As the major chunk of the population in India -- more than 80,000 villages -- is denied power, it is the duty of those who consume electricity to think about how to conserve power and make it available to the have-nots, he observed.

"It is time for introspection. Twenty three per cent of electricity can be saved if we use properly, without affecting quality," said he.

Some of the reasons cited by the Secretary for consumers not conserving energy are 'lack of awareness, not pricing power properly and not manufacturing efficient gadgets.'

On the proposed Central Electricity Regulatory Commission, he said, it would fix tariffs for central government utilities and other utilities which supply power to more than one state.
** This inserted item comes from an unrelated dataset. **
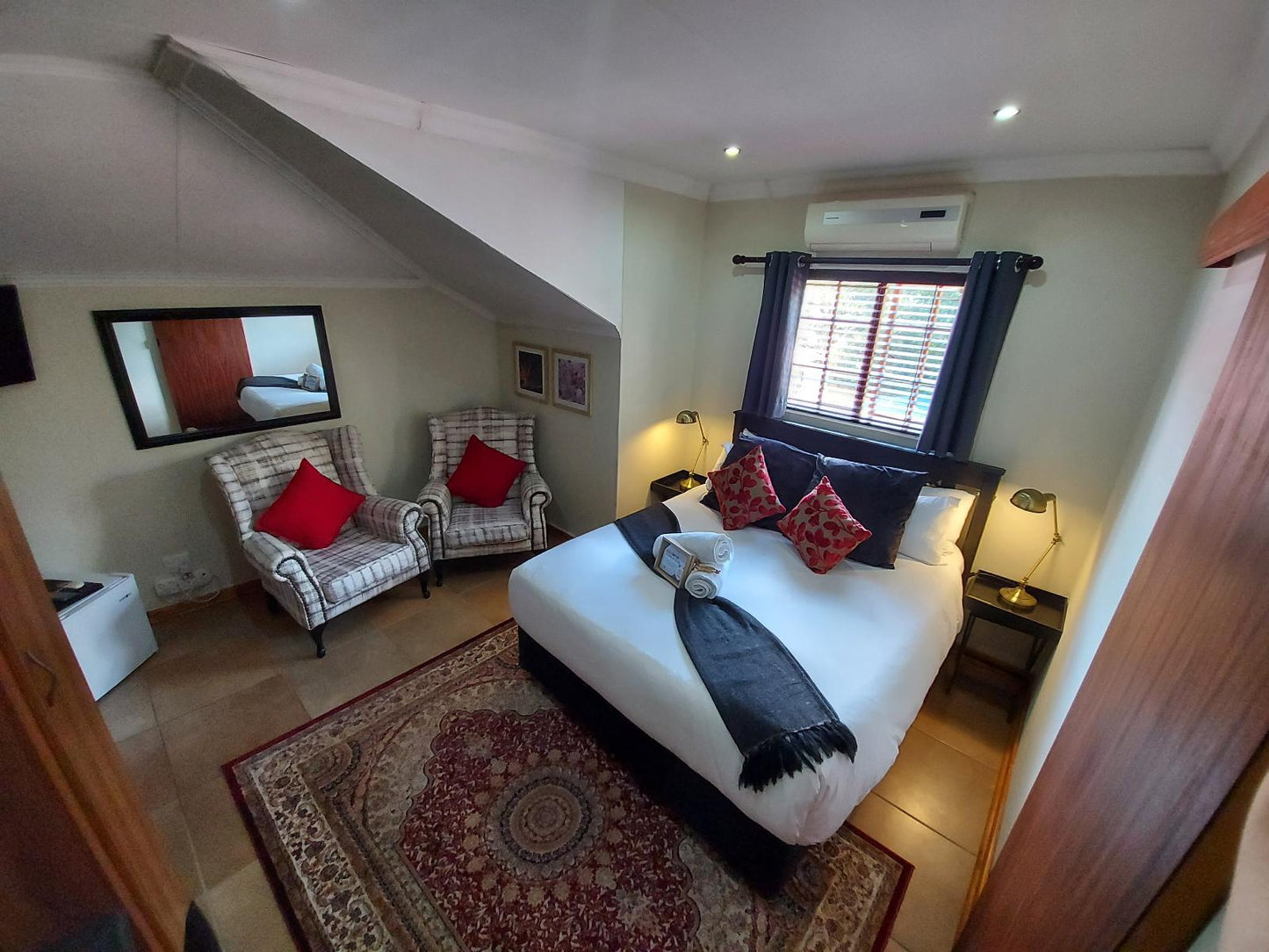 Room 8 - Luxury Queen @ The Oak Potch Guesthouse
Generation and distribution of electricity being a concurrent subject, 'unlike TRAI, we have to set up Electricity Regulatory commission at both state level and central level. The state level regulatory commission will take care of the state level power projects, transmission projects, IPPs and retail consumer tariff.'

Regarding private participation in power distribution, he was hopeful that the private companies 'would examine reform initiatives taken by various electricity boards and state governments, and based on their reform agenda, they will decide on investment. If they develop confidence because of the reform agenda, private companies will make up their mind. Those states which show that they can turn around faster, definitely will attract private investment because this is a sector where demand is there.'

Shahi was optimistic about the Tamil Nadu Electricity Board 'turning around commercially faster than many other state electricity boards.'

But K N Shenoy, past president, CII and former chairman, ABB India Ltd, in his keynote address, squarely blamed the government for not reforming the power sector enough.
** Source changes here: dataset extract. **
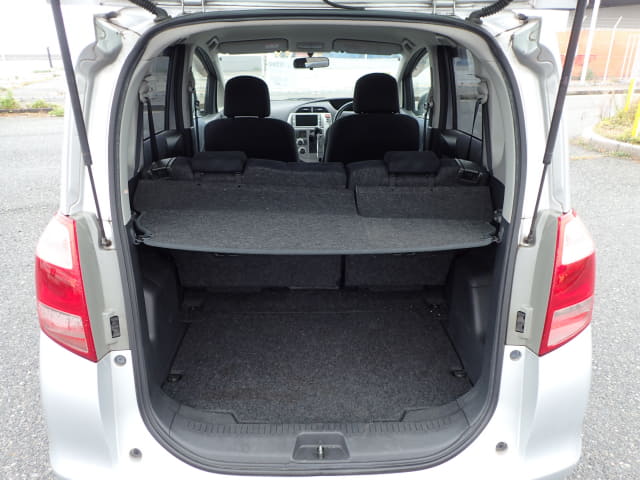 TOYOTA Ractis thumbnail 28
He was of the view that the reforms in the energy sector have not kept pace with the needs of a globalised economy as Indian economy is bogged down by a number of policy level issues.

According to him, "Power reform is a national issue, a national problem which we need to resolve with public-private partnership."

According to Shenoy, if India were to achieve the target of 8 per cent growth rate during the 10th Plan period, the country has to shift its focus to the manufacturing sector. The contribution of the manufacturing industry to the GDP is an abysmal 26 per cent, while in China, it is 50 per cent of its GDP, 40 per cent in Thailand, and 33 per cent in the Philippines.

The manufacturing industry can contribute more than the 26 per cent that it is doing now, only if the manufacturing costs are reduced drastically. For that, the industry has to improve its cost structure, efficiency, productivity, quality and reliability so that the products are internationally competitive.

What adds to the increasing cost of the manufacturing sector is the cost of energy especially in the cement, aluminium, pulp and paper, and foundry industries.

The energy input in these sectors varies from 25 per cent to 65 per cent of the total manufacturing cost, while in the other sectors, energy cost varies from 3 per cent to 15 per cent.

The average industrial power cost in India is Rs 4.18/kWh as compared to Rs 1.8 in the US, Rs 1.2 in China, RsĀ  0.8 in Saudi Arabia, Rs 2.0 in Thailand and Rs 1.7 in most European countries.

Naturally, one of the major concerns of the Indian manufacturing industry is the rising power tariff as there has been a three fold increase in power tariffs in the last ten years.

Shenoy said, "Energy conservation therefore, assumes centre stage in our battle to drastically reduce manufacturing costs. I would very strongly urge the Indian corporates to adopt technology as an enabler for energy conservation."